Wachstum 2021 und Konsensprognosen zum realen Bruttoinlandsprodukt für 2022 und 2023
Die Wachstumsprognosen wurden nach den russischen Angriffen auf die Ukraine nach unten korrigiert.

Quelle: Bloomberg. Stand 06.07.2022
Es gibt keine Garantie dafür, dass sich eine Projektion, Schätzung oder Prognose bewahrheitet.
In den Jahren 2020 und 2021 ist das reale BIP trotz CoronaPandemie sehr stark gestiegen und lag in vielen Ländern deutlich über dem Trendwachstum – dank einer lockeren Geldpolitik und hoher Staatsausgaben, die die negativen Effekte der Pandemie abfedern sollten. Die jetzt abnehmende Dynamik im Wachstum wäre daher normal, wäre da nicht die hohe Inflation. Aber dazu gleich.
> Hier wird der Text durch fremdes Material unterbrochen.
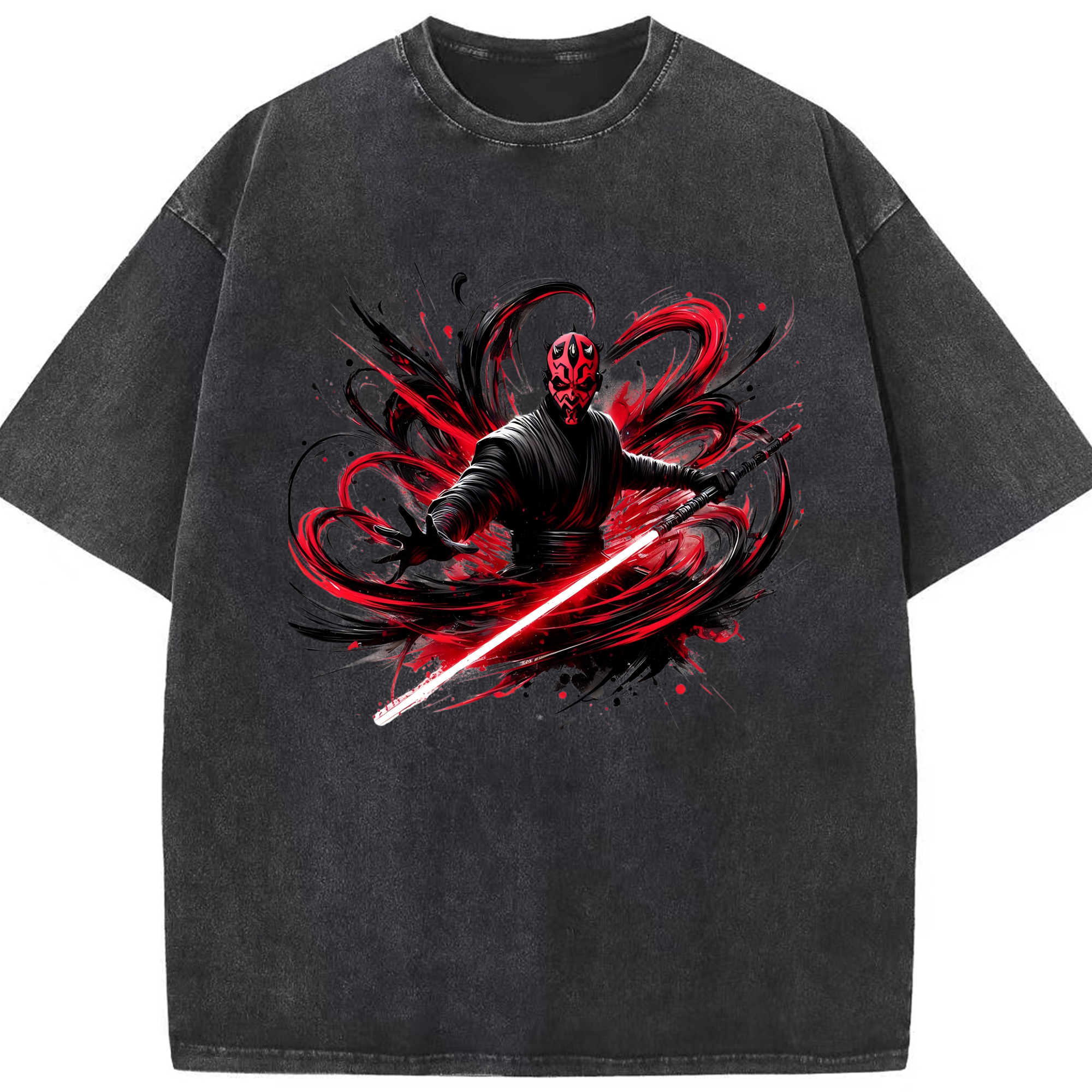 （画像用） スター・ウォーズ Star Wars 綿100% ヴィンテージ風 半袖Tシャツ（フロントプリント）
Die Frage, die sich viele Investoren stellen, ist, ob wir aufgrund der oben genannten Gemengelage in eine Rezession oder in eine Stagflation (Null-Wachstum bei gleichzeitiger Inflation) geraten. Die Wahrscheinlichkeit einer unmittelbaren Rezession schätzen wir im Moment zwar noch als gering ein. Das Risiko, dass eines der beiden Szenarien eintritt, ist aber deutlich gestiegen.
Die Ungleichgewichte, die Rezessionen in der Regel vorausgehen, sind im Moment nicht zu beobachten. Auf der einen Seite stehen die Unternehmen im Großen und Ganzen sehr gut da: Die Margen sind hoch, die Bilanzen sind solide, die Investitionsausgaben halten sich im Rahmen. Bei den privaten Haushalten ist das Kreditwachstum in den vergangenen Jahren moderat gewesen. Viele Haushalte sind finanziell gut aufgestellt, haben hohe Ersparnisse angehäuft, unter anderem weil während der vergangenen zwei Jahre weniger ausgegeben wurde – auch beim Urlaub. Hinzu kommt ein robuster Arbeitsmarkt. Die Arbeitslosenquote liegt in der Eurozone mit 6,8 % sogar unter dem Niveau von 2019. In den USA liegt sie mit 3,8 % auf dem Stand vor der CoronaPandemie.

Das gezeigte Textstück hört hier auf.